Record excerpts Start Marker
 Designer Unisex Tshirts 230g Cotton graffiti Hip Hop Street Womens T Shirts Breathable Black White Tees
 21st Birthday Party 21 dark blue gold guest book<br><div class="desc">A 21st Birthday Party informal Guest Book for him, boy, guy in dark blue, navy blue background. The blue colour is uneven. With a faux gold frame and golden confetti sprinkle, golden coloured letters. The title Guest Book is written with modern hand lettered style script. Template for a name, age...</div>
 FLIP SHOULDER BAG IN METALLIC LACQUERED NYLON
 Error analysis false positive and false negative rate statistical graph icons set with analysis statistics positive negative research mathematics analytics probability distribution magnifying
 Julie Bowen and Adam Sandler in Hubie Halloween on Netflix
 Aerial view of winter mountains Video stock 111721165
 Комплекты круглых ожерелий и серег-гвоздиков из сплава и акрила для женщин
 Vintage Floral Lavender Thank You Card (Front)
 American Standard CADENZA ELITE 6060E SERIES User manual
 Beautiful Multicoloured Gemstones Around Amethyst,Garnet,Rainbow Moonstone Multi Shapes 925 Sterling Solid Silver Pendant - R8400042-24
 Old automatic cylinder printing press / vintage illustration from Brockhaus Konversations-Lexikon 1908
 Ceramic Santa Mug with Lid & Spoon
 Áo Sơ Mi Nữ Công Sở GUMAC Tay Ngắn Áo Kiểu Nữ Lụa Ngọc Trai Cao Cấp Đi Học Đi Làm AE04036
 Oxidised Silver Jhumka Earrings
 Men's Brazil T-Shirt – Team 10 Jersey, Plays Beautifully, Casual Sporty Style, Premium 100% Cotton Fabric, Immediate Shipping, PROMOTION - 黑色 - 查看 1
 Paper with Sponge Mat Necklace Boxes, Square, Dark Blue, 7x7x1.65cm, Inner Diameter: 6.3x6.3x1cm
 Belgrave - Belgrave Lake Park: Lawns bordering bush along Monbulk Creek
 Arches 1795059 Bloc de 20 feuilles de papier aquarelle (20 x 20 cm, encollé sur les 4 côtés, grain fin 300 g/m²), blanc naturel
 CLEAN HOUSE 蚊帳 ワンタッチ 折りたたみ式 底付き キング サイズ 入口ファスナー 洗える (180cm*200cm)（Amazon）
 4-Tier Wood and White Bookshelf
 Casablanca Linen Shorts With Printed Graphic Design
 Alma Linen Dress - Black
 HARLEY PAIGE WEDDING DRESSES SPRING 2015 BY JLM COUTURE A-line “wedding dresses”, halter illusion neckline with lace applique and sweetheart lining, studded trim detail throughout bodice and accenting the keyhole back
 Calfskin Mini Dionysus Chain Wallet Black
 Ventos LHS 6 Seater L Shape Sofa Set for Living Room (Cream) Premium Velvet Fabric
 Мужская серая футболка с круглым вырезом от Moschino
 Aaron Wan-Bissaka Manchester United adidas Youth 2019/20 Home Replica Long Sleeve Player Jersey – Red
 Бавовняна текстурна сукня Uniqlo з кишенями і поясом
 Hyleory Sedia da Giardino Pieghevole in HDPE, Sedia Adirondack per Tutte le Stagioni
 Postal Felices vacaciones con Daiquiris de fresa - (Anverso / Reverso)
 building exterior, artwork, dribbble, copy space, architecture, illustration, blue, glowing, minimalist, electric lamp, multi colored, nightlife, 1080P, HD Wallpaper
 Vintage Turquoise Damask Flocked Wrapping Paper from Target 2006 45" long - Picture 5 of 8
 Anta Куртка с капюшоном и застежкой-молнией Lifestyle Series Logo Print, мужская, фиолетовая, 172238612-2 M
Record excerpts End Marker
## Problem to solve
Nothing but an exact repetition of the entries is expected here.

## Solved problem
 Designer Unisex Tshirts 230g Cotton graffiti Hip Hop Street Womens T Shirts Breathable Black White Tees
 21st Birthday Party 21 dark blue gold guest book<br><div class="desc">A 21st Birthday Party informal Guest Book for him, boy, guy in dark blue, navy blue background. The blue colour is uneven. With a faux gold frame and golden confetti sprinkle, golden coloured letters. The title Guest Book is written with modern hand lettered style script. Template for a name, age...</div>
 FLIP SHOULDER BAG IN METALLIC LACQUERED NYLON
 Error analysis false positive and false negative rate statistical graph icons set with analysis statistics positive negative research mathematics analytics probability distribution magnifying
 Julie Bowen and Adam Sandler in Hubie Halloween on Netflix
 Aerial view of winter mountains Video stock 111721165
 Комплекты круглых ожерелий и серег-гвоздиков из сплава и акрила для женщин
 Vintage Floral Lavender Thank You Card (Front)
 American Standard CADENZA ELITE 6060E SERIES User manual
 Beautiful Multicoloured Gemstones Around Amethyst,Garnet,Rainbow Moonstone Multi Shapes 925 Sterling Solid Silver Pendant - R8400042-24
 Old automatic cylinder printing press / vintage illustration from Brockhaus Konversations-Lexikon 1908
 Ceramic Santa Mug with Lid & Spoon
 Áo Sơ Mi Nữ Công Sở GUMAC Tay Ngắn Áo Kiểu Nữ Lụa Ngọc Trai Cao Cấp Đi Học Đi Làm AE04036
 Oxidised Silver Jhumka Earrings
 Men's Brazil T-Shirt – Team 10 Jersey, Plays Beautifully, Casual Sporty Style, Premium 100% Cotton Fabric, Immediate Shipping, PROMOTION - 黑色 - 查看 1
 Paper with Sponge Mat Necklace Boxes, Square, Dark Blue, 7x7x1.65cm, Inner Diameter: 6.3x6.3x1cm
 Belgrave - Belgrave Lake Park: Lawns bordering bush along Monbulk Creek
 Arches 1795059 Bloc de 20 feuilles de papier aquarelle (20 x 20 cm, encollé sur les 4 côtés, grain fin 300 g/m²), blanc naturel
 CLEAN HOUSE 蚊帳 ワンタッチ 折りたたみ式 底付き キング サイズ 入口ファスナー 洗える (180cm*200cm)（Amazon）
 4-Tier Wood and White Bookshelf
 Casablanca Linen Shorts With Printed Graphic Design
 Alma Linen Dress - Black
 HARLEY PAIGE WEDDING DRESSES SPRING 2015 BY JLM COUTURE A-line “wedding dresses”, halter illusion neckline with lace applique and sweetheart lining, studded trim detail throughout bodice and accenting the keyhole back
 Calfskin Mini Dionysus Chain Wallet Black
 Ventos LHS 6 Seater L Shape Sofa Set for Living Room (Cream) Premium Velvet Fabric
 Мужская серая футболка с круглым вырезом от Moschino
 Aaron Wan-Bissaka Manchester United adidas Youth 2019/20 Home Replica Long Sleeve Player Jersey – Red
 Бавовняна текстурна сукня Uniqlo з кишенями і поясом
 Hyleory Sedia da Giardino Pieghevole in HDPE, Sedia Adirondack per Tutte le Stagioni
 Postal Felices vacaciones con Daiquiris de fresa - (Anverso / Reverso)
 building exterior, artwork, dribbble, copy space, architecture, illustration, blue, glowing, minimalist, electric lamp, multi colored, nightlife, 1080P, HD Wallpaper
 Vintage Turquoise Damask Flocked Wrapping Paper from Target 2006 45" long - Picture 5 of 8
 Anta Куртка с капюшоном и застежкой-молнией Lifestyle Series Logo Print, мужская, фиолетовая, 172238612-2 M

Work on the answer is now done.